- Developer(s): Flair Software
- Publisher(s): Flair Software
- Designer(s): Mick Hedley Phil Scott Phillip Nixon
- Programmer(s): Mick Hedley
- Composer(s): Adam Gilmore
- Platform(s): Amiga, Atari ST, MS-DOS, Commodore 64
- Release: 1991
- Genre(s): Platform
- Mode(s): Single-player

= Elvira: The Arcade Game =

1991 video game

Elvira: The Arcade Game is a side-scrolling platform game released in 1991 for the Amiga, Atari ST, Commodore 64, and MS-DOS by Flair Software.
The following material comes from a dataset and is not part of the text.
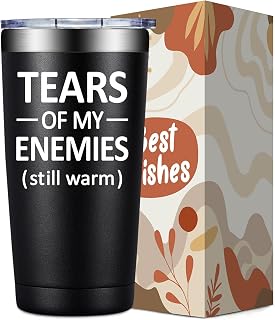 SpenMeta Gifts for Gamer, Soldier, Coworker, Boss - Perfect Sarcastic, Military Gift for Veterans, 20 Oz Tears of My Enemies Tumbler Cup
The game is loosely based upon the film Elvira: Mistress of the Dark, released in 1988, and she features as the playable character.

==Plot and gameplay==
The game features two worlds: the Underworld of Fire and the Arctic Earth, which must be unlocked in order to reach the third, the Castle of Transylvania. According to the ghost in the game's introduction, by right the castle belongs to Elvira. In their quest, players are able to use spells and weapons, as well as collect rune stones, food in order to replenish their health, and treasure chests. If they encounter difficulty in completing a segment of their current quest, the player may purchase information from a trader, found within each level, using rune stones as a currency.

==Development==
Elvira: The Arcade Game was programmed by Flair Software in conjunction with Horrorsoft, the developer of Elvira: Mistress of the Dark and Elvira II: The Jaws of Cerberus. Elvira: The Arcade Game was licensed for publication by Queen B Productions, the owners of the Elvira franchise. It was released in four languages: English, French, German and Italian.

==Reception==
Elvira: The Arcade Game received generally favourable reviews. CU Amiga awarded the game 82% and praised the graphics, describing the game as "brilliant arcade fun," but lacking any longevity. Similarly, Amiga Power pointed to the high level of polish, but lamented the fact that there were "no gameplay surprises," and so awarded it 70%.